Le dernier souvenir que je voudrais partager avec vous est à peine plus tardif.


Fatigué de la phénoménologie, je décidai de consacrer un mémoire de DEA à la pensée de Deleuze, et j’allai de nouveau voir André. Il m’accueillit avec cette même bienveillance que j’avais appris à lui reconnaître, et se montra même tout à fait enthousiaste — « Deleuze, il nous a tous éblouis », me dit-il alors. Ce mémoire sur Deleuze que j’entrepris sous sa direction n’aboutit jamais, et c’est comme professeur que je le retrouvai l’année suivante, pour un cours sur Durkheim alors au programme de l’agrégation et dont il nous expliquait qu’il était un pur métaphysicien — ce qui le faisaitégalement beaucoup rire. Mais à l’occasion d’un certain nombre d’épreuves personnelles difficiles que je traversais alors et pour lesquelles il fut d’un grand secours amical, je découvris alors chez André une chose que je n’ai plus jamais éprouvé de manière aussi frappante : une capacité à rompre brutalement la trame d’un échange normé par des conventions sociales et professionnelles, pour instituer tout à coup un rapport entre personnes. Je ne sais comment exprimer cela : son regard, le ton de sa voix, l’amplitude de ses gestes, l’atmosphère très particulière dont il entourait ses interlocuteurs, changeaient brusquement, comme dépouillés de tout ce qui empêche habituellement une parole vraie de se manifester et de toucher au cœur — et un être humain de parler en toute nudité à un autre être humain.

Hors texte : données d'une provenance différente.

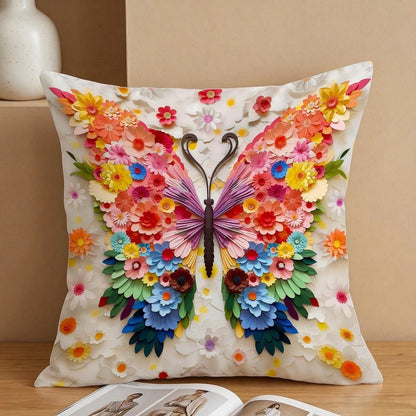 1pc Dreamy Floral Butterfly Theme Throw Pillow Cover, Colorful Floral Art Style Home Decor Cushion, Lightweight Polyester Single-Sided Printed, Suitable For Bedroom, Living Room, Sofa Decoration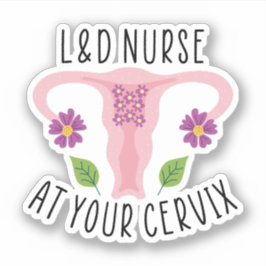 Pegatina Enfermero de L&D en su enfermero de Cervix, parto 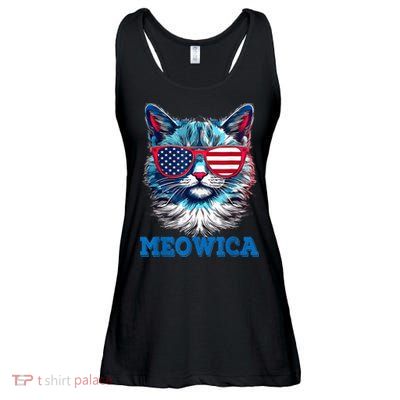 Patriotic Cat Sunglasses American Flag 4th of July Meowica Ladies Essential Flowy Tank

Ce dont témoignent pour moi ces trois souvenirs que j’ai très simplement voulu, en guise d’hommage, partager avec vous, c’est qu’il y avait chez André — comment le dire autrement ? — une profonde violence — dans sa manière d’enseigner, dans ses rires, dans sa voix et dans ses geste, dans les relations qu’il pouvait entretenir avec ses étudiants mais aussi dans son amitié — qui constituait l’envers d’une immense générosité, d’une extrême bienveillance, d’une très profonde sollicitude, ou mieux, qui se confondait tout simplement avec elles parce qu’elles ne pouvaient s’exprimer que dans une sorte de mise à nue qui, peut-être, constituait pour lui la conception qu’il se faisait, en tant que philosophe, en tant que professeur, mais aussi en tant qu’homme, de ce que devait être la vérité.